*** Material provided Section Begins ***

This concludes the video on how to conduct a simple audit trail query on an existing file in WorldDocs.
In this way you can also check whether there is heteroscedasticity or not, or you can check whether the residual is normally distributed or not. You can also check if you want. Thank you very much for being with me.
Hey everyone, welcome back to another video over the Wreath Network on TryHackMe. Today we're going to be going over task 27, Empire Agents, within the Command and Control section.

*** Material provided Section Ends ***
*** Material provided Section Begins ***

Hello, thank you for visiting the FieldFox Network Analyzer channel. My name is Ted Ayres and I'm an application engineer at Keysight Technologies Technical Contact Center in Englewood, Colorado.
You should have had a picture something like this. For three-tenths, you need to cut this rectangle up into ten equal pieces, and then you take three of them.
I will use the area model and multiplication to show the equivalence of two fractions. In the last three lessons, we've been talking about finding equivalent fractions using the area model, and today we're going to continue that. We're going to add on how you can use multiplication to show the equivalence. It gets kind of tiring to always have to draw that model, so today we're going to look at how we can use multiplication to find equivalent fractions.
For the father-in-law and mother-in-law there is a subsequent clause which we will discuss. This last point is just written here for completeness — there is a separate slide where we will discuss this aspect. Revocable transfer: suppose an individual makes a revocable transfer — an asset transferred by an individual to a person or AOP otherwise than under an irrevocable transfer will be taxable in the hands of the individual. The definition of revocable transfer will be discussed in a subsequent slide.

*** Material provided Section Ends ***

* _Work instructions_: Only one stretch of the data above is needed. Restate it word for word, from the line containing "This concludes the" through the line containing "Hey everyone, welcome", both ends included.

* _Answer to this exercise_:
This concludes the video on how to conduct a simple audit trail query on an existing file in WorldDocs.
In this way you can also check whether there is heteroscedasticity or not, or you can check whether the residual is normally distributed or not. You can also check if you want. Thank you very much for being with me.
Hey everyone, welcome back to another video over the Wreath Network on TryHackMe. Today we're going to be going over task 27, Empire Agents, within the Command and Control section.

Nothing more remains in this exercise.